▸ **Exercise objective**
Give back the entries that follow exactly as written. Any picture gets left out.

▸ **Data for review**

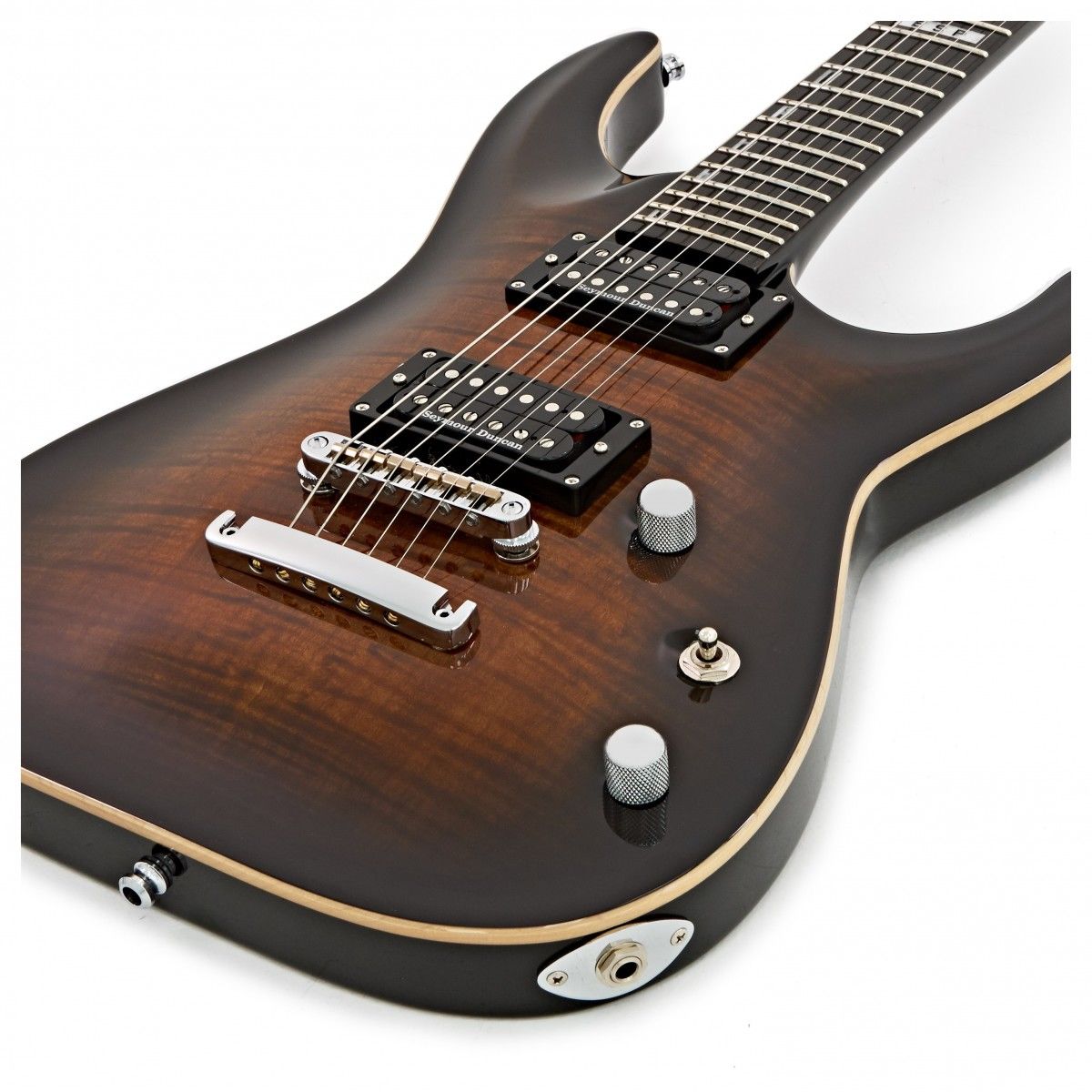  ESP E-II HORIZON FM NT DBSB,  Dark Brown Sunburst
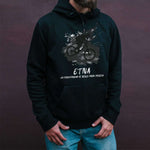 Felpa Uomo Etna Mountain Bike-Felpa con cappuccio-Lol T-shirt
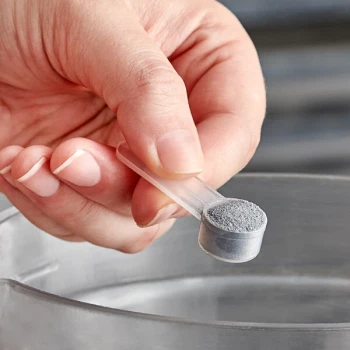 1.25 cc Polypropylene Scoop with Short Handle - 50/Pack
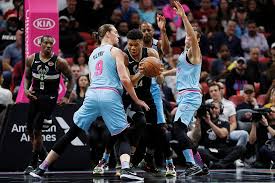The heat was just outstanding throughout the game as they hit 35 out of their 73 attempts, which is 48%. Preview On Bucks Vs Heat Caging Antetokounmpo Won T Be Enough Cgtn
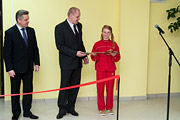 7 мая состоялось торжественное открытие столовой училища олимпийского резерва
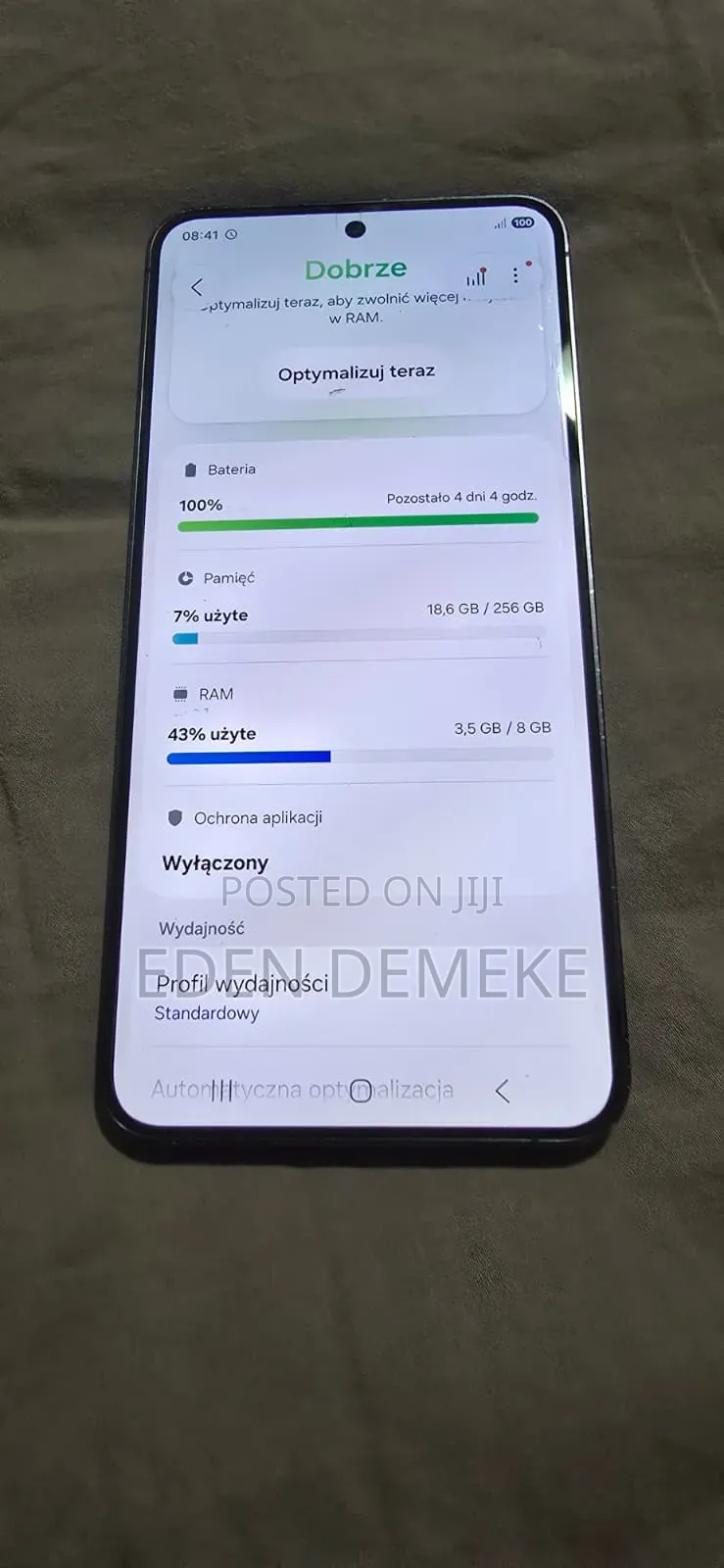 Samsung Galaxy S24 256 GB Graphite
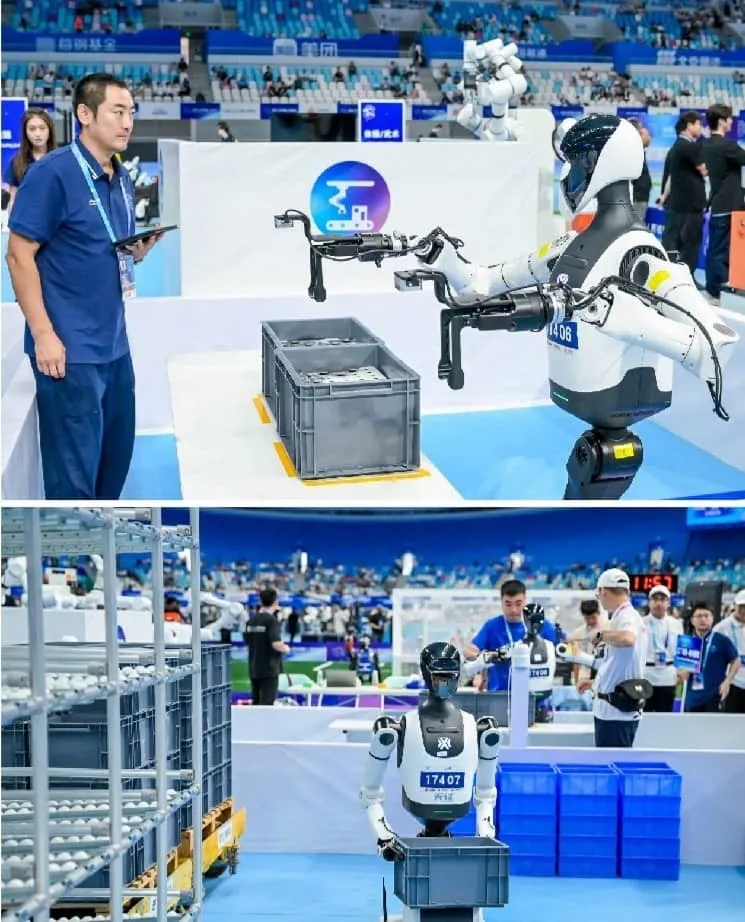 La Chine s'affiche à la pointe de l’intelligence incarnée, faisant un pas de géant vers un avenir où la collaboration entre humains et machines est au cœur  du quotidien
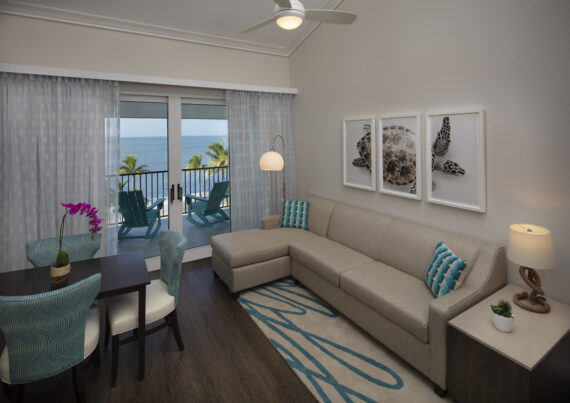 Three Bedroom Suite at The Laureate Key West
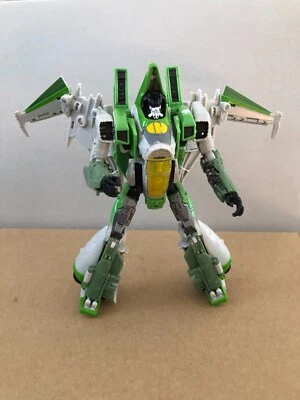 Transformers Studio Series SS76 Thrust Missing Accessories Not Complete - Image 1 of 4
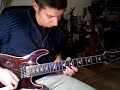 schecter omen extreme 7 stephane delay song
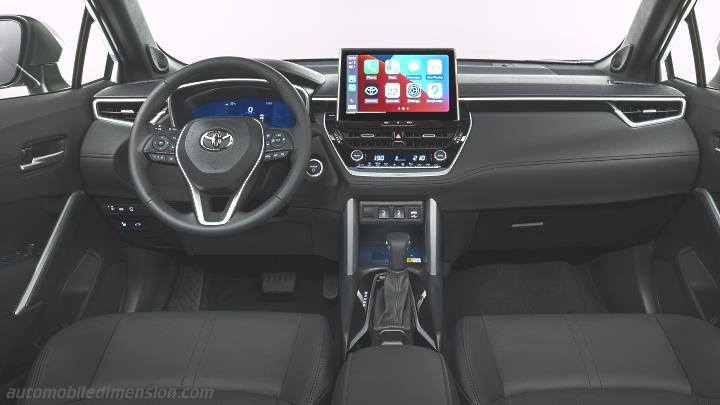 Toyota Corolla Cross dimensions, boot space and electrification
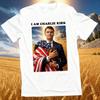 Charlie Kirk T-shirt I'm Charlie Kirk A Patriotic American Christian Jesus T-shirt for Men and Women American Style Outfit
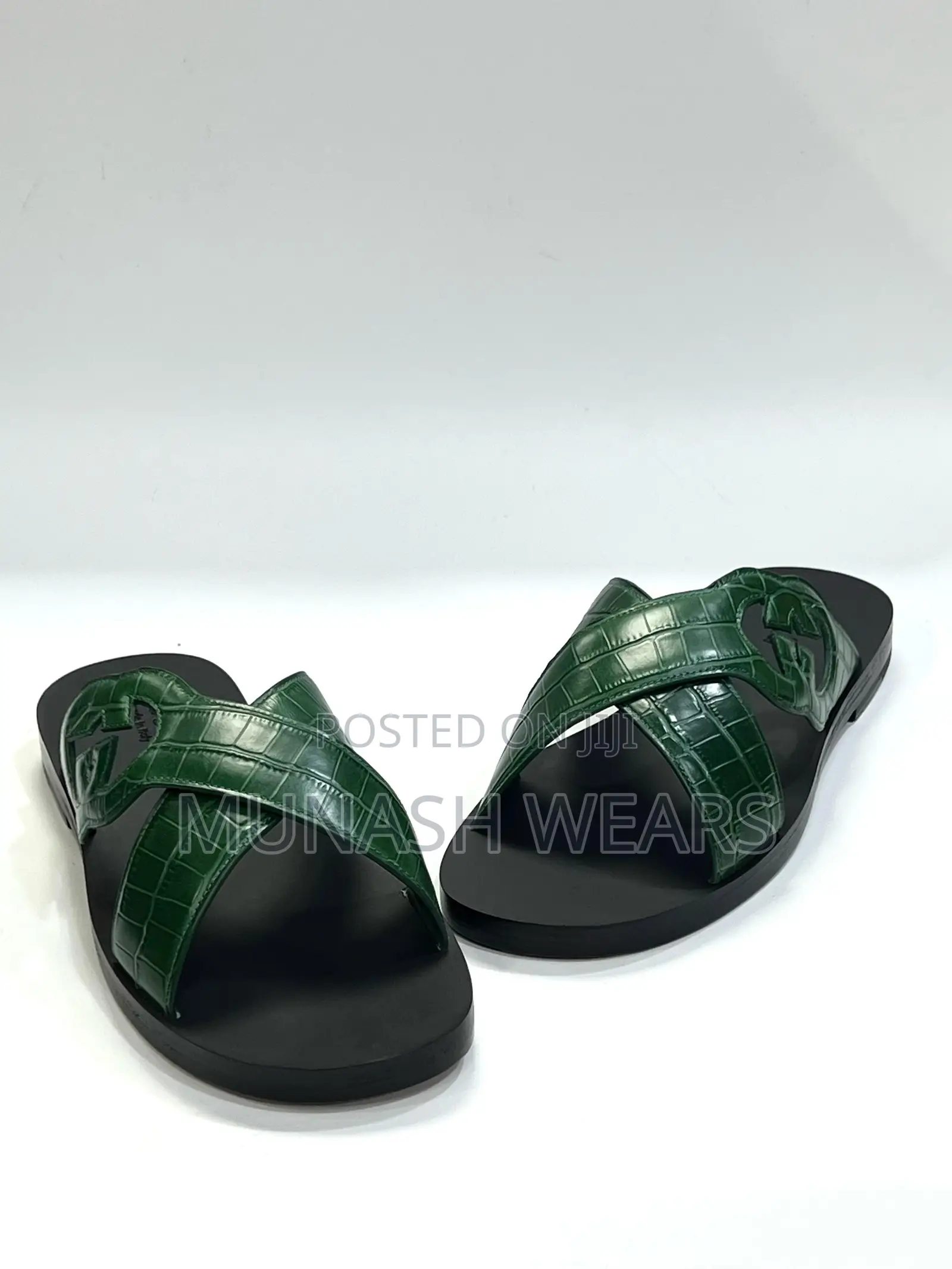 Italian Gucci Luxury Slipers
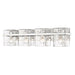 Z-Lite Bennington Chrome 4 Light Vanity 1938-4V-CH | theLightShop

▸ **Answer for this exercise**
  ESP E-II HORIZON FM NT DBSB,  Dark Brown Sunburst
 Felpa Uomo Etna Mountain Bike-Felpa con cappuccio-Lol T-shirt
 1.25 cc Polypropylene Scoop with Short Handle - 50/Pack
The heat was just outstanding throughout the game as they hit 35 out of their 73 attempts, which is 48%. Preview On Bucks Vs Heat Caging Antetokounmpo Won T Be Enough Cgtn
 7 мая состоялось торжественное открытие столовой училища олимпийского резерва
 Samsung Galaxy S24 256 GB Graphite
 La Chine s'affiche à la pointe de l’intelligence incarnée, faisant un pas de géant vers un avenir où la collaboration entre humains et machines est au cœur  du quotidien
 Three Bedroom Suite at The Laureate Key West
 Transformers Studio Series SS76 Thrust Missing Accessories Not Complete - Image 1 of 4
 schecter omen extreme 7 stephane delay song
 Toyota Corolla Cross dimensions, boot space and electrification
 Charlie Kirk T-shirt I'm Charlie Kirk A Patriotic American Christian Jesus T-shirt for Men and Women American Style Outfit
 Italian Gucci Luxury Slipers
 Z-Lite Bennington Chrome 4 Light Vanity 1938-4V-CH | theLightShop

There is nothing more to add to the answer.